So they pressed forward, a concourse of two million people, marching irresistibly in the strength of Jehovah, after nearly four centuries of serfdom. Now they were glori­ously free—a nation born in a day. Dark­ness and despair spread over Egypt through the judgments of God for their iniquity, but the nation that God had chosen to become the channel of his purpose and from which Immanuel should spring were full of hope and rejoicing on that great Passover night. The exodus of the ages had started.

“A nation born in a day”—baptized in­to Moses and the cloud. Well has the poet of modern times paraphrased that song of deliverance and victory that filled the wilderness:

“Sound the loud timbrel, over Egypt’s dark sea, Jehovah has triumphed, His people are free Sing for the power of the tyrant is broken, His chariot and horsemen, all splendid and brave, How vain was their boasting; the Lord hath but spoken, And chariot and horsemen are flung in the wave.

Sound the loud timbrel, O’er Egypt’s dark sea, Jehovah Hath triumphed, His people are free.

For forty long years Israel trekked through the wilderness. What a commentary on human nature! God declared, “I was pro­voked with that generation, they have not known my ways. I swore in my wrath they shall never enter into my rest” (Heb. 3, A.R.V.). Neither did they—that genera­tion perished! The purpose of God was with the new generation, born in the wilderness.

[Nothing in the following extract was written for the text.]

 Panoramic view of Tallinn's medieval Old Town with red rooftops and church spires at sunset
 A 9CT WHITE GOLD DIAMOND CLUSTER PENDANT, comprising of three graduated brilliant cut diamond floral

The day had arrived, the hour had struck, and the Jordan—like a great dividing range —lay between those things that had been and those things which lay in the future. On one side slavery and oppression, on the other freedom, deliverance and the Prom­ised Land.

So Jordan has become the symbol of the ages: mortality with all its limitations, and that promise of life with all its joys and per­fections; the former represented by things “this side of Jordan” and the latter by “the other side of Jordan”. Thank God we shall not always be “this side of Jordan”. Our lives, like a passage across Jordan with the restraining providence of God holding back the heaped-up waters, tell of a journey being completed, and we shall enter in due course into the Promised Land—the King­dom of God.

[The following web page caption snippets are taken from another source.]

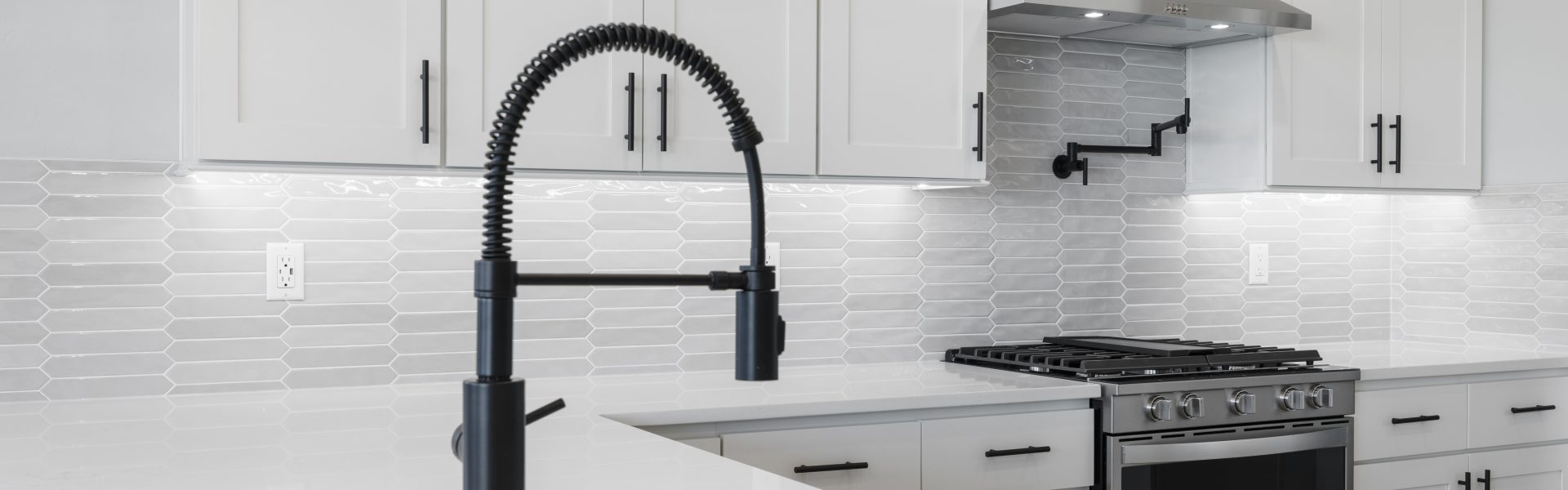 up close image of a matte black kitchen sink hardware piece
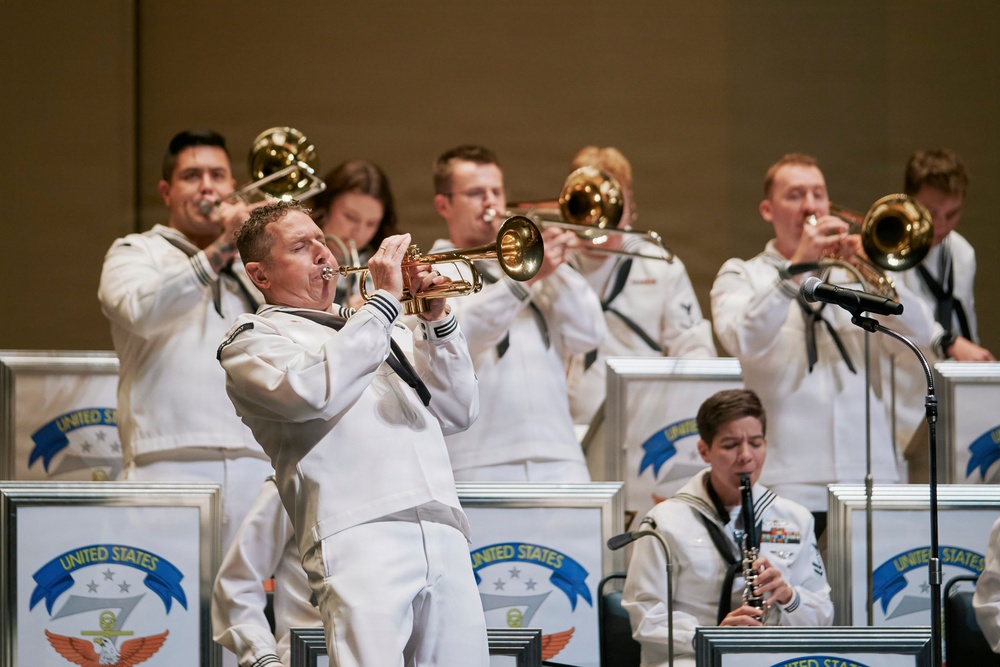 A United States Navy band is performing in formal white dress uniforms on a stage. Multiple musicians are playing brass instruments including trumpets and trombones, with at least one woodwind player visible in the foreground. Music stands bearing the 'United States' insignia with an eagle emblem are positioned in front of the performers.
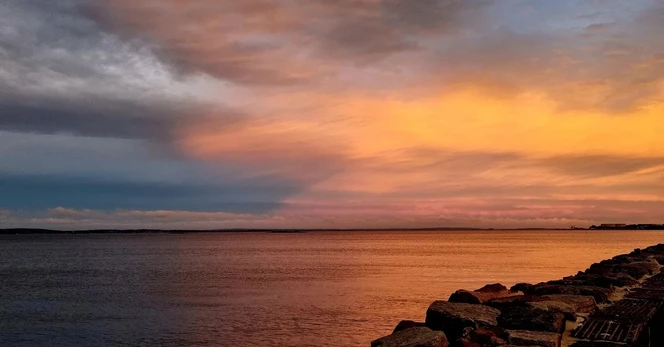 Dark orange and yellow and yellow sunset over the Oslofjord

At times we feel almost engulfed in the seas and storms of life, but the Psalmist beautifully expressed it: “He reached from on high, He took me, He drew me out of many waters” (Psalm 1. 8, A.R.V.).

It was fitting that some memorial should be set up to commemorate this great historic event of Israel, after forty years of exile and wandering, entering the Promised Land to be constituted a nation—having received a law and constitution—God’s own chosen people. The form of memorial was a heap of large stones, twelve in number, each carried by an Israelite who was the repre­sentative of his tribe. The record states, “These stones shall be to the people of Israel for a memorial for ever”. They were dug up from the bed of the river exactly where the priests’ feet had trod and the sacred ark of the Lord (which was the manifested presence of God) had passed. Every detail had a great significance, which we cannot stop to consider now, but let it suffice to say that the way of life and salva­tion is sanctified by the direction and pres­ence of God and its anti-typical expression in Christ, of whom it is written, “I am the way, the truth and the life; no man cometh unto the Father but by me”.

These twelve memorial stones became the inarticulate witness of the ages. In the Orient, literature and language is rich in figure, symbol and parable. The Hebrew race, being a pastoral people and tillers of the land, reflected the things of nature and the phenomenon of the universe in their language and literature. Life itself and mankind’s reaction to life also was used fre­quently as the basis of their figurative and parabolic expression. Whilst words become obsolete and often do not express their original meaning, figures of speech are uni­versal, common to all languages as regards their interpretation.

A “stone” is used throughout the Bible to represent firmness, strength and perman­ence. These twelve stones were to represent the twelve tribes of Israel in their relation to God. What a witness! When we grasp all that is signfied and comprehended in that wonderful name Is Ra El, we realise these stones were a great memorial indeed. The people, chosen of God, are represented as “lively stones, built upon the foundations of the apostles and prophets, Jesus Christ himself being the chief cornerstone”, the whole edifice being the temple of the living God.

Finally, the Psalmist exclaims, “The stone that the builders rejected has become the chief corner stone; this is the Lord’s doing, it is marvellous in our eyes” (Psalm 118,A. R. V. ).